During the quarter, the gross merchandise volume (GMV) of goods sold came in at $20.7 billion, translating to $1.9 billion in revenues. Its active buyer base grew 5% over the year to a total of 162 million active buyers at the end of the year.
eBay ended the year with revenues falling 2% over the year to $8.6 billion. Transaction revenues brought in $6.83 billion and marketing services and other revenues contributed $1.76 billion to the year. eBay’s full year 2015 earnings came in at $1.83 per share. One silver lining was StubHub’s growth. It reported a growth of 30% in GMV last year to more than $1 billion and brought in $725 million in revenues.
The year’s performance was hurt due to a security breach that forced nearly 112 million customers to change their passwords. Changes in the Google algorithm also resulted in eBay’s results being ranked lower in search results rankings during the year.
For the current quarter, eBay forecast revenues of $2.05 billion-$2.1 billion with an EPS of $0.43-$0.45. The Street was looking for revenues of $2.16 billion for the quarter with an EPS of $0.48.
Besides the outlook, the market is not happy with eBay’s competition. It has not just the constant shadow of Amazon but also several others worries.

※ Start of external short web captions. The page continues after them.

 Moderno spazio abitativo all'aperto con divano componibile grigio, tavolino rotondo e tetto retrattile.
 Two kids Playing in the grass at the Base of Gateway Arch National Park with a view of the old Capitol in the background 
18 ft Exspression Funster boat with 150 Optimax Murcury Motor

One big concern is eBay’s consumer dissatisfaction over sales fees. eBay charges a 10% fee whereas niche sites such as Reverb.com, a musical instrument sales site, charges a 3.5% flat fee per item sold. Amazon’s selling fee ranges from 6% to 15% depending on the product sold through its site.

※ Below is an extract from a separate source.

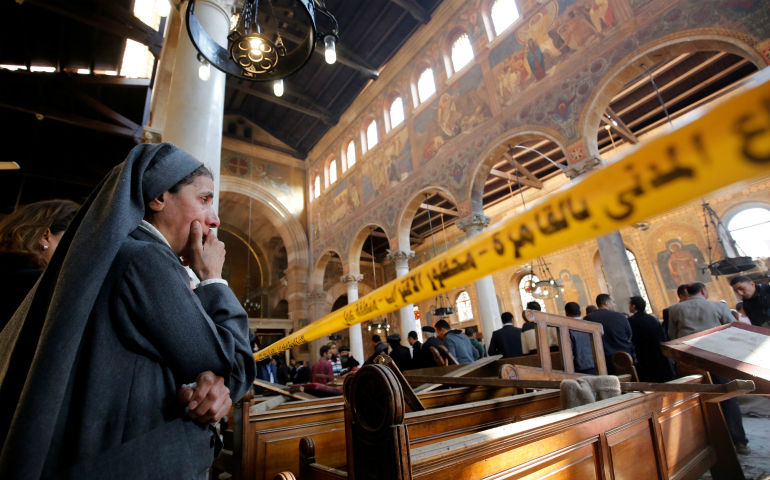 A nun cries as she stands inside St. Mark's Coptic Orthodox Cathedral Dec. 11 after an explosion inside the cathedral complex in Cairo. A bomb ripped through the complex, killing at least 25 people and wounding dozens, mostly women and children. (CNS photo/Amr Abdallah Dalsh, Reuters)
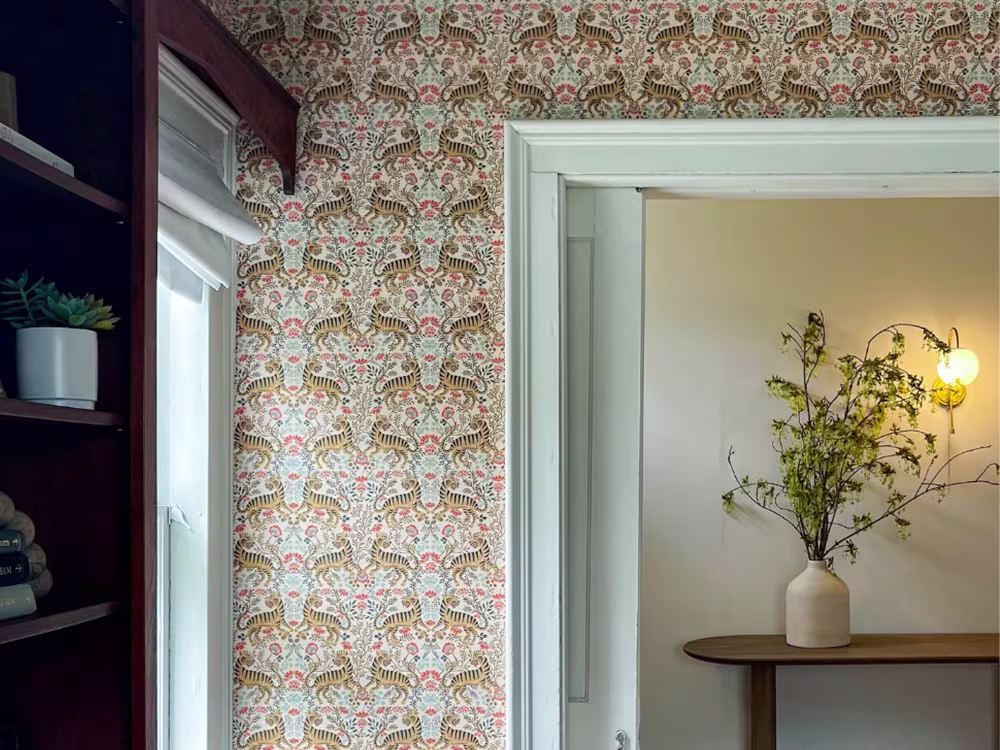 Living space with flower tiger wallpaper.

eBay is also lagging in its social connection. Smaller players like Etsy and Poshmark allow users to share purchases and comments on social platforms – something that eBay doesn’t allow. Then there is Alphabet. Not only does eBay get hurt by Alphabet’s algorithm changes, but Alphabet’s Buy Now button released last year makes those search result rankings count even more. Google’s mobile search results now show a buy button that simplifies the process of purchasing directly through a search result.

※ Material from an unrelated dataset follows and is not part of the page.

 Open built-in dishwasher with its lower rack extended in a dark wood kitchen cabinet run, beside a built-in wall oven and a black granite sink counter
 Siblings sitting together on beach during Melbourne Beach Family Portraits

eBay’s Marketplace Improvements
To counter these pressures, eBay has been investing in its marketplace site. One big move has been in the form of data structuring where products are organized in catalogs. As of December last year, eBay announced that 37% of relevant listings had been migrated to this Structured Data set-up. A quarter ago, that number stood at 28%. By the end of this month, eBay expects it to grow up to 60%. eBay believes that the data structuring is helping it in improving conversions and drive higher organic traffic from searches.
eBay is also improving the user experience for its sellers community. It recently launched Sellers Hub, an analytic tool that provides detailed analysis on sellers’ listing performance along with tools for product management. eBay released the product in October last year to mixed reactions. While the Sellers Hub does offer a better mobile experience and detailed statistics, some believe that it also adds to the workload of the seller because of the number of steps needed to reach the right place.
eBay would need to do a lot more to convince the market that it has strong growth potential. Right now, the market is not happy with eBay’s results and the stock fell 14% post the result announcement. It is currently trading at $24.24 with a market capitalization of $28.6 billion. It touched a 52-week high of $29.83 in December last year and a 52-week low of $21.52 earlier this month.